**** MATERIAL TO PROCESS

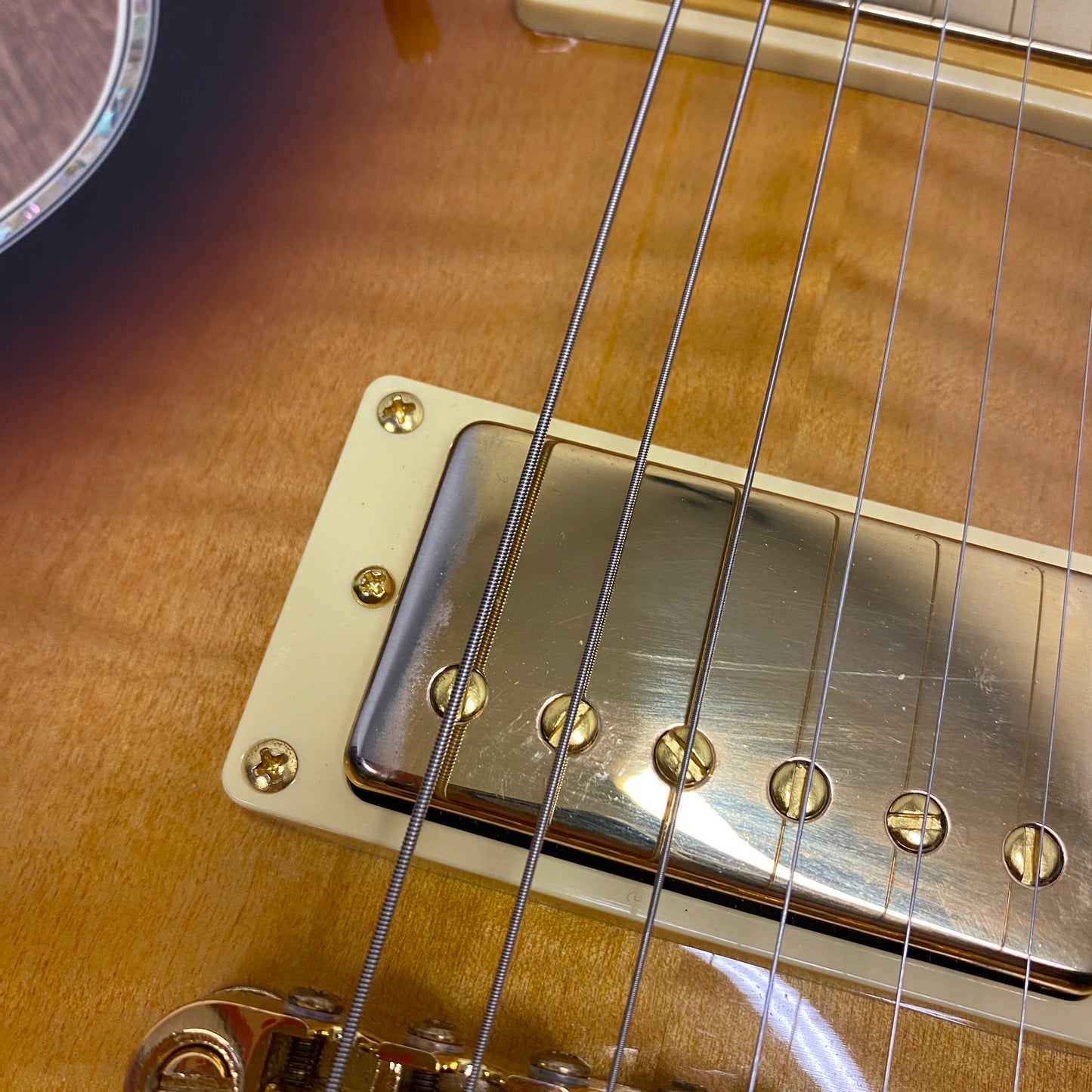 Pre-Owned Ibanez AR420 - Violin Sunburst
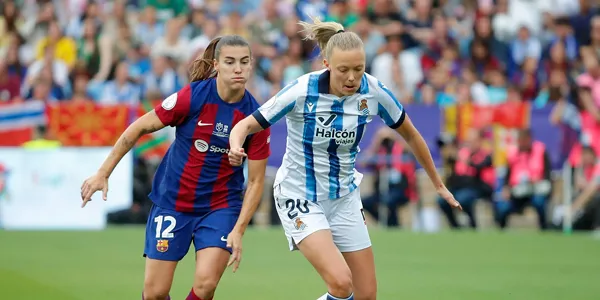 Patri Guijarro y Synne Jensen pugnan por un balón. Foto: EFE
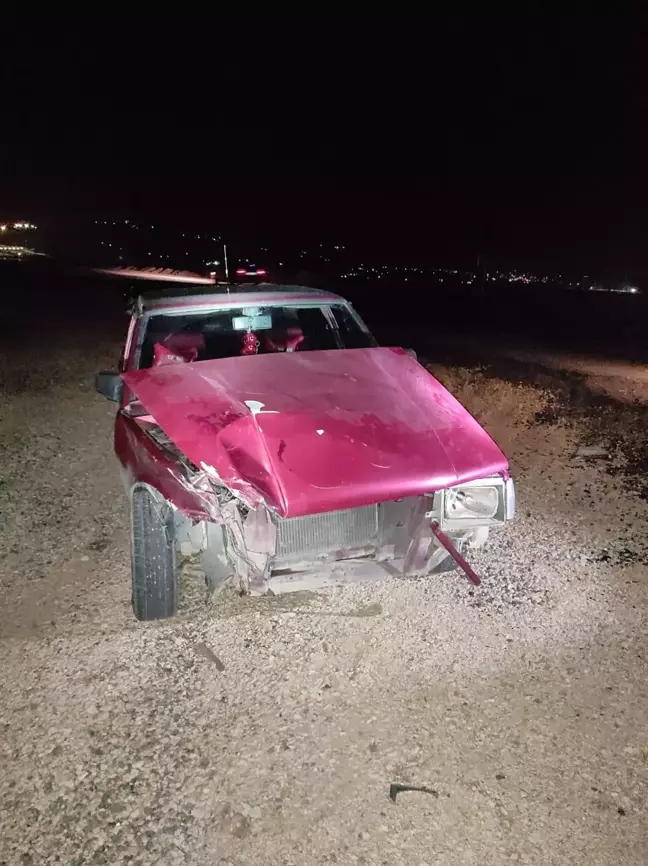 Hatay'da otomobilin şarampole devrilmesi sonucu 2 kişi yaralandı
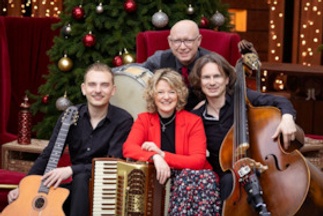 Orchestra Mondo "Zauberhafte Weihnachtsreise" mit Deutschlands bester Akkordeonistin Anja Baldauf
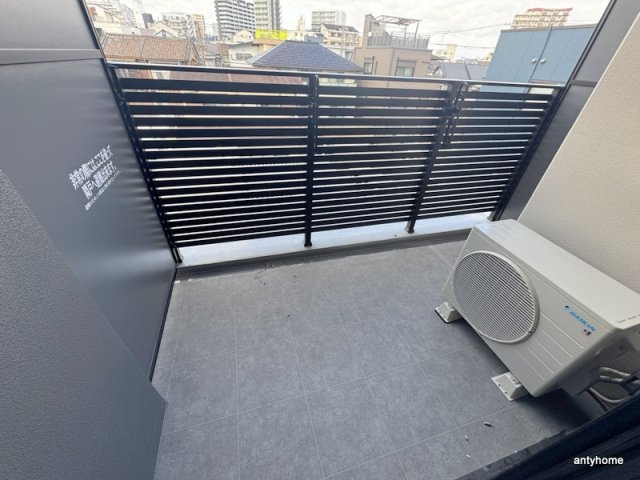 Louis Residence 天王寺町北　仲介手数料無料のバルコニー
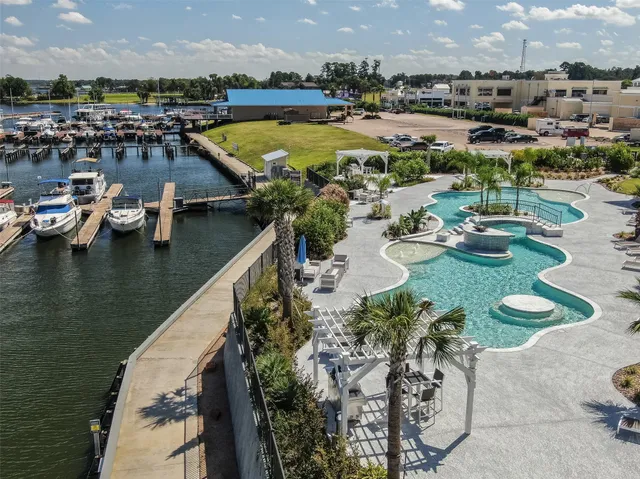 $425,000 | 199 Waterpoint Court, Unit 303, Conroe, TX 77304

********

### WHAT YOU NEED TO DO
Leave the pictures out and return the rest of the listing exactly.

### WRITTEN ANSWER
 Pre-Owned Ibanez AR420 - Violin Sunburst
 Patri Guijarro y Synne Jensen pugnan por un balón. Foto: EFE
 Hatay'da otomobilin şarampole devrilmesi sonucu 2 kişi yaralandı
 Orchestra Mondo "Zauberhafte Weihnachtsreise" mit Deutschlands bester Akkordeonistin Anja Baldauf
 Louis Residence 天王寺町北　仲介手数料無料のバルコニー
 $425,000 | 199 Waterpoint Court, Unit 303, Conroe, TX 77304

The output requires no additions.